The U.S. Trustee and a Houston bankruptcy court have blocked a crypto operator from erasing investor obligations after finding he ran a Ponzi scheme through Privvy Investments LLC. On Wednesday the court denied Nathan Fuller’s request to discharge more than $12.5 million in debts after concluding he concealed assets, falsified records and admitted the firm operated as a Ponzi scheme.
Investigators say Fuller diverted investor cash to luxury purchases, gambling trips and a nearly $1 million home for his ex‑wife. He later filed for bankruptcy in October 2024 while facing lawsuits and a receiver’s asset seizure. After admitting wrongdoing and failing to contest the case, Fuller suffered a default judgment that leaves him personally liable and allows creditors to continue collections.
Regulators and legal experts say the ruling underscores that bankruptcy is not a safe harbor for crypto fraud. “Fraudsters seeking to whitewash their schemes will not find sanctuary in bankruptcy,” said U.S. Trustee Kevin Epstein. Navodaya Singh Rajpurohit of Coinque Consulting noted courts commonly deny discharges for concealment or false oaths and now are applying those powers to digital‑asset cases.
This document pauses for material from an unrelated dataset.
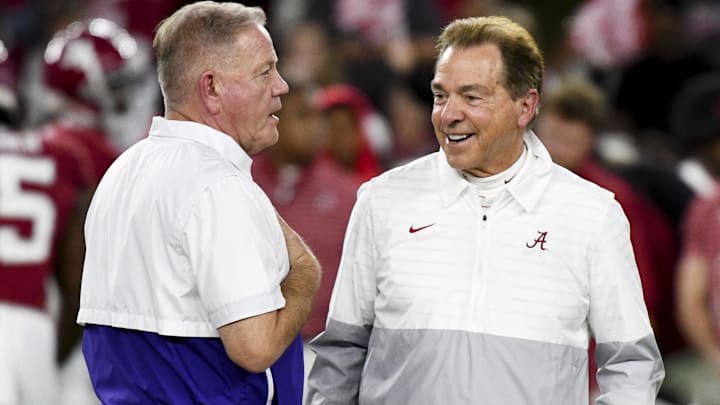 Nov 4, 2023; Tuscaloosa, Alabama, USA;  LSU Tigers head coach Brian Kelly and Alabama Crimson Tide head coach Nick Saban talk together at midfield before the Alabama vs LSU game at Bryant-Denny Stadium. Mandatory Credit: Gary Cosby Jr.-Imagn Images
Bankruptcy trustees have broad tools to recover assets, Rajpurohit added: expansive discovery, subpoenas to exchanges, banks and cloud providers, and blockchain forensics that can trace transfers even through mixers. U.S. courts can pursue cross‑border remedies including Chapter 15 recognition and letters rogatory, and may use civil‑contempt sanctions to compel turnover.
Still, recovery prospects remain limited. Alex Chandra of IGNOS Law Alliance warned that funds spent on luxury items or moved overseas make full restitution unlikely, and that traceability does not guarantee recoverability. For investors, the case is a reminder to vet custodians and watch for red flags around promised returns.